Floating point operations are not associative. Changing the order of the operations will change the output, up to numerical precision. Example

In [1]: import torch

In [2]: a = torch.randn(1024, dtype=torch.float16, device="cuda")

In [3]: out1 = a + 0.3 - 0.2

In [4]: out2 = a - 0.2 + 0.3

In [5]: (out1 - out2).abs().max()
Out[5]: tensor(0.0020, device='cuda:0', dtype=torch.float16)
kaixinbear commented 10 months ago
import torch.nn.functional as F

B = 1; T = 3; nh = 32; C = 64

# q = torch.arange(B * T *  nh * C).reshape([B, T, nh, C]).float(); 
# k = torch.arange(B * T *  nh * C).flip(dims=(-1,)).reshape([B, T, nh, C]).float(); 
# v= torch.arange(B * T *  nh * C).reshape([B, T, nh, C]).float() ** 1.5
q = torch.randn([B, T, nh, C])
k = torch.randn([B, T, nh, C])
v = torch.randn([B, T, nh, C])

out = F.scaled_dot_product_attention(q.permute([0, 2, 1, 3]).cuda(), k.permute([0, 2, 1, 3]).cuda(), v.permute([0, 2, 1, 3]).cuda(), dropout_p=0.0, is_causal=False).permute([0, 2, 1, 3])

import math
def func(q, k, v, use_causal=False):
    q, k, v = q.permute([0, 2, 1, 3]), k.permute([0, 2, 3, 1]), v.permute([0, 2, 1, 3])
    # attn = (q @ k.transpose([0, 1, 3, 2])) * (1.0 + math.sqrt(k.shape[-1]))
    attn = (q @ k) * (1.0 / math.sqrt(k.shape[-1]))
    if use_causal:
        attn = masked_fill(attn, self.causal_mask[:, :, :T, :T] == 0, float('-inf'))
    attn = F.softmax(attn, dim=-1)
    out = attn @ v # (B, nh, T, T) x (B, nh, T, c) -> (B, nh, T, c)
    out = out.permute([0, 2, 1, 3]) # (B, T, nh, c)
    return out

out2 = func(q.cuda(), k.cuda(), v.cuda(), use_causal=False)

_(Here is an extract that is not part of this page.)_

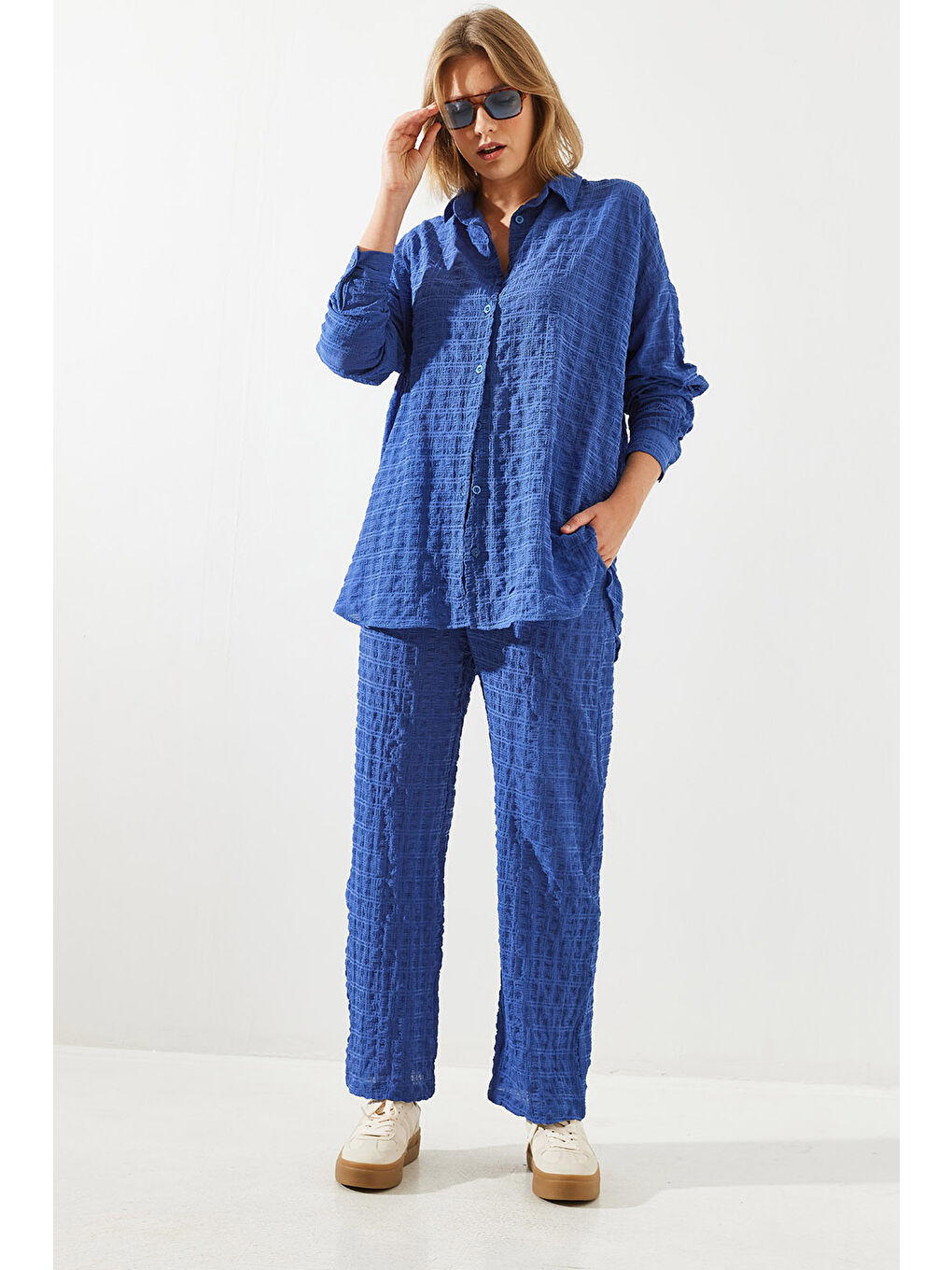 İndigo Kadın Gofre Kumaş Alt-Üst Takım-5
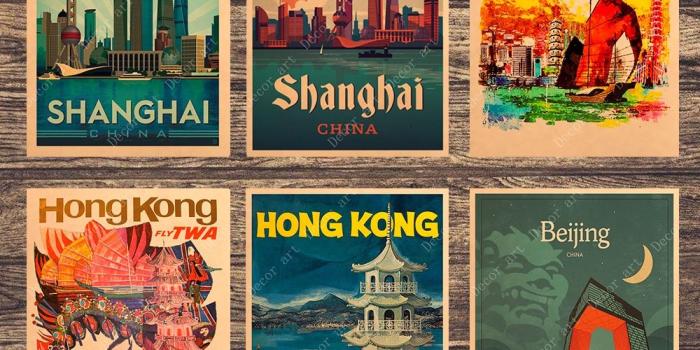 1000x1000 China Shanghai Beijing Hong Kong Canvas Paintings Vintage Wall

print((out2 - out).abs().mean()) # about 0.3

image I use torch.float32 in unit test and find the difference between normal attention and flash attention is about 0.3. I think the precision is enough, but the difference is large. Could someone tell me why ?

tridao commented 10 months ago

With torch.float32 F.scaled_dot_product_attention does not call FlashAttention (only implemented for fp16 and bf16). You can ask in the Pytorch github.

chenhuiapp commented 6 months ago

should I be worried about the difference?